Reputation: 563
I'm really confused trying to solve this problem. I'm trying to use the sklearn function: MinMaxScaler
but I'm getting an error because it seems to be that I'm setting an array element with a sequence.
The code is:
raw_values = series.values
# transform data to be stationary
diff_series = difference(raw_values, 1);
diff_values = diff_series.values;
diff_values = diff_values.reshape(len(diff_values), 1)
# rescale values to 0,1
scaler = MinMaxScaler(feature_range=(0, 1))
scaled_values = scaler.fit_transform(diff_values); print(scaled_values)
scaled_values = scaled_values.reshape(len(scaled_values), 1)
"series" is a differenced time series that I'm trying to rescale between [0,1] with MinMaxScaler
and the Time series was previously differenced in pandas.
I get the following error when running the code:
ValueError: setting an array element with a sequence.
Which I don't understand is the fact that if there is just one feature
or variable in one column, the code runs all right, but in this case I have 2 features
, each one in a different column.
Traceback:
File "C:/....py", line 88, in prepare_data
scaled_values = scaler.fit_transform(diff_values); print(scaled_values)

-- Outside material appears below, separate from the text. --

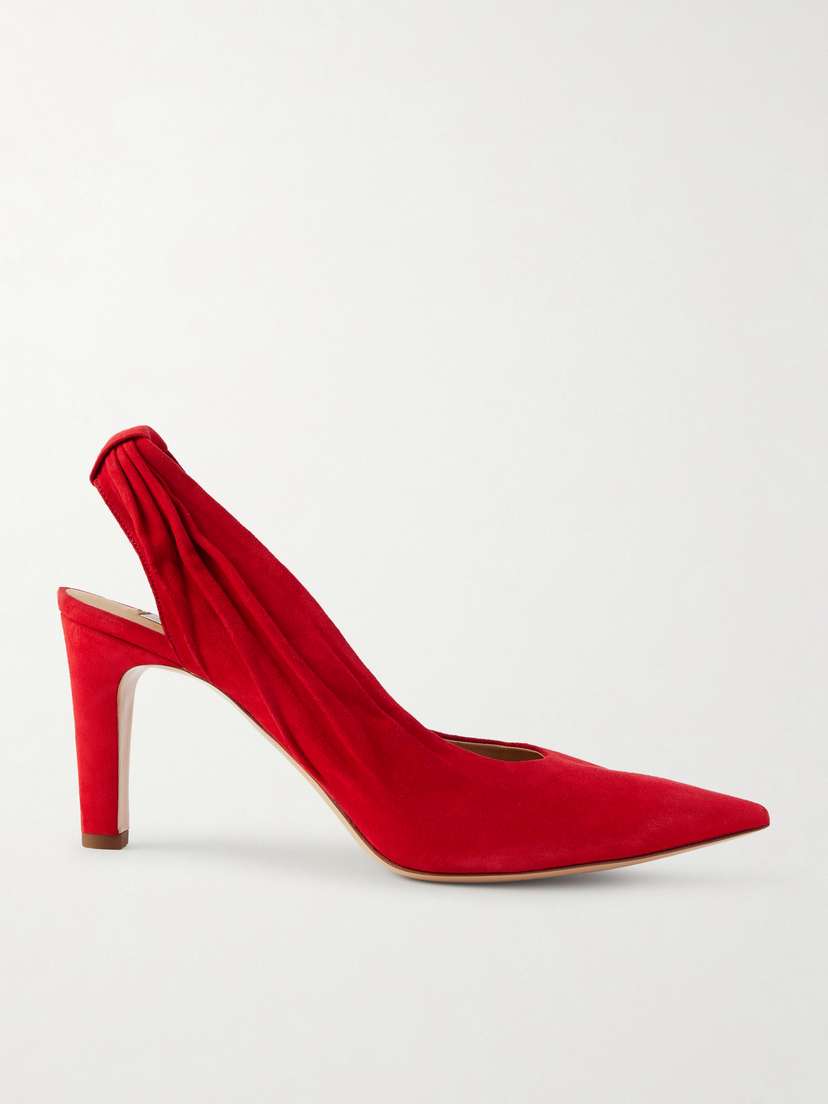 Gabriela Hearst Amari Ruched Suede Slingback Pumps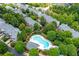 Aerial view of a neighborhood featuring a community pool and lush green trees at 11352 Musette Cir, Alpharetta, GA 30009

File "C:\Users\name\AppData\Roaming\Python\Python35\site-packages\sklearn\base.py", line 494, in fit_transform
return self.fit(X, **fit_params).transform(X)
File "C:\Users\name\AppData\Roaming\Python\Python35\site-packages\sklearn\preprocessing\data.py", line 292, in fit
return self.partial_fit(X, y)
File "C:\Users\name\AppData\Roaming\Python\Python35\site-packages\sklearn\preprocessing\data.py", line 318, in partial_fit
estimator=self, dtype=FLOAT_DTYPES)
File "C:\Users\name\AppData\Roaming\Python\Python35\site-packages\sklearn\utils\validation.py", line 382, in check_array
array = np.array(array, dtype=dtype, order=order, copy=copy)
ValueError: setting an array element with a sequence.
And this is what I obtain if I print diff_values
[[array([ -1.3, 119. ])]
[array([ 0.5, -9. ])]
[array([ 0.8, 17. ])]
...,
[array([ 2.8, 742. ])]
[array([ 1.50000000e+00, -1.65900000e+03])]
[array([ -2., 856.])]]
The full code is not mine, it's been obtained from here
EDIT:
Here is my dataset
Just switch the name 'shampoo-sales.csv'to 'datos2.csv' and this sentence:
return datetime.strptime('190'+x, '%Y-%m')
to this one:
return datetime.strptime(''+x, '%Y-%m-%d')
Upvotes: 1
Views: 1482
Reputation: 21274
In the tutorial you linked to, the object series
is actually a Pandas Series
. It's a vector of information, with a named index. Your dataset, however, contains two fields of information, in addition to the time series index, which makes it a DataFrame
. This is the reason why the tutorial code breaks with your data.
Here's a sample from your data:
import pandas as pd
def parser(x):
return datetime.strptime(''+x, '%Y-%m-%d')
df = pd.read_csv("datos2.csv", header=None, parse_dates=[0],
index_col=0, squeeze=True, date_parser=parser)
df.head()
1 2
0
2012-01-01 10.9 3736
2012-01-02 10.3 3570
2012-01-03 9.0 3689
2012-01-04 9.5 3680
2012-01-05 10.3 3697
And the equivalent section from the tutorial:
"Running the example loads the dataset as a Pandas Series and prints the first 5 rows."
Month
1901-01-01 266.0
1901-02-01 145.9
1901-03-01 183.1
1901-04-01 119.3
1901-05-01 180.3
Name: Sales, dtype: float64
To verify this, select one of your fields and store it as series
, and then try running the MinMaxScaler
. You'll see that it runs without error:
series = df[1]
# ... compute difference and do scaling ...
print(scaled_values)
[[ 0.58653846]
[ 0.55288462]
[ 0.63942308]
...,
[ 0.75 ]
[ 0.6875 ]
[ 0.51923077]]
Note: One other minor difference in your dataset compared to the tutorial data is that there's no header in your data. Set header=None
to avoid assigning your first row of data as column headers.
UPDATE
To pass your entire dataset to MinMaxScaler
, just run difference()
on both columns and pass in the transformed vectors for scaling. MinMaxScaler
accepts an n-dimensional DataFrame
object:
ncol = 2
diff_df = pd.concat([difference(df[i], 1) for i in range(1,ncol+1)], axis=1)
scaler = MinMaxScaler(feature_range=(0, 1))
scaled_values = scaler.fit_transform(diff_df)
Upvotes: 1